The Domino’s Pizza Story in a Nutshell

Domino’s Pizza: Just thought you should know – Our pizza kinda sucks.

General Populace: Yeah, we figured that one out on our own. Thanks tho’.

Domino’s Pizza: We’re going to do better. We promise.

General Populace: Dude, you sell pasta in a bread bowl. It’s already hard to take you seriously.

Some of you probably have already heard, but it bears repeating. Domino’s has publicly admitted that their pizza isn’t as good as it could have been. They’re getting some good PR from this revelation that may see an uptick in sales as they roll out their reformulated brand.

But for me, the story isn’t their admission, but rather the fact that it took them twenty years to come to the same conclusion my friends and I did back in college.

How difficult is it to screw up pizza? Consider this – one of my favorite pizzas is pizza margherita. This is a pizza known for its simplicity. A nice crust, a bit of sauce, a smaller bit of cheese, olive oil, and a hit of basil or two. That’s it. There are sandwiches out there that are more complex. That Domino’s couldn’t find a technique to make a passable pizza, let alone a great one, speaks volumes.

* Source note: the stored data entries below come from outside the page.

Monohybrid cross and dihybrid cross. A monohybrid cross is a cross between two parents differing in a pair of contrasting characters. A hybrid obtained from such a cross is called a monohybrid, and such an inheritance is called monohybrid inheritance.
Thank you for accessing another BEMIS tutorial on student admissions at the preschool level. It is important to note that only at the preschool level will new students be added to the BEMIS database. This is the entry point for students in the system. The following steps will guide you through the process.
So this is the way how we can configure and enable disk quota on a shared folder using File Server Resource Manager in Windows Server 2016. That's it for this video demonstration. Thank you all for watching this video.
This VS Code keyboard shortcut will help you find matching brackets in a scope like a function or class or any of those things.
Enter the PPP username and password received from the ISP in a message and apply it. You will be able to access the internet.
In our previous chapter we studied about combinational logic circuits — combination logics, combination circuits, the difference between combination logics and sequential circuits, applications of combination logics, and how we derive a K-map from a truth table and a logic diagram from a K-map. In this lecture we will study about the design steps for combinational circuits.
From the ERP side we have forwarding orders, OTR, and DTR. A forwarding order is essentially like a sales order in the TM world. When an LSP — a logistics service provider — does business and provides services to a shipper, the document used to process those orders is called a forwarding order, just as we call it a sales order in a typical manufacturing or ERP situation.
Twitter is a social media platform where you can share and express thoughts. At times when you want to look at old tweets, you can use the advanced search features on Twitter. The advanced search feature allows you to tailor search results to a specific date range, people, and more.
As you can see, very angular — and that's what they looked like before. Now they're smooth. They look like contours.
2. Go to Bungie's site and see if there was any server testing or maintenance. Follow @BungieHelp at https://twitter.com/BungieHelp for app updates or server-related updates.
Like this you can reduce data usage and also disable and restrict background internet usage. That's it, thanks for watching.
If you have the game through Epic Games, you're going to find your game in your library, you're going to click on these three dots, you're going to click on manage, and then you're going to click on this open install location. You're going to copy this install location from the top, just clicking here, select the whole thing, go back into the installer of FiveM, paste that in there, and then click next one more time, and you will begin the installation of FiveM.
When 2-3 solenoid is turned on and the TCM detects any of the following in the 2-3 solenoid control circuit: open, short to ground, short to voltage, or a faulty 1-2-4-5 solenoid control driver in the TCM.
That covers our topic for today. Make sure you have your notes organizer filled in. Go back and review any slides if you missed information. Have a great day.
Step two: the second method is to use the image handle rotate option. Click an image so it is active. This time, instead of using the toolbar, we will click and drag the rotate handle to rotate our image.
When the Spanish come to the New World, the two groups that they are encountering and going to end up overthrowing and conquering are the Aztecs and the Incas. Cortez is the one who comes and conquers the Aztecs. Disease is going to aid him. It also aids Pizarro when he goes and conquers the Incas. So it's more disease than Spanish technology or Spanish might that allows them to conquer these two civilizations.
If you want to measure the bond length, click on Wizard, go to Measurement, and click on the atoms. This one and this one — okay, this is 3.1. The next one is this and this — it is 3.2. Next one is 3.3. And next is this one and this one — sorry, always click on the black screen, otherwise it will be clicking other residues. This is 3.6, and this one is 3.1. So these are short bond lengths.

It’s not as if I have some unwieldy criteria here. After all, I’m of the belief that that the one or two pieces left to be eaten the day after can be passable. I also live in Seattle, which is a pizza purgatory of sorts, where the most popular chain here, Pagliacci’s, would be considered a third rate pizza in New York or Chicago. That Domino’s isn’t even an option here speaks volumes.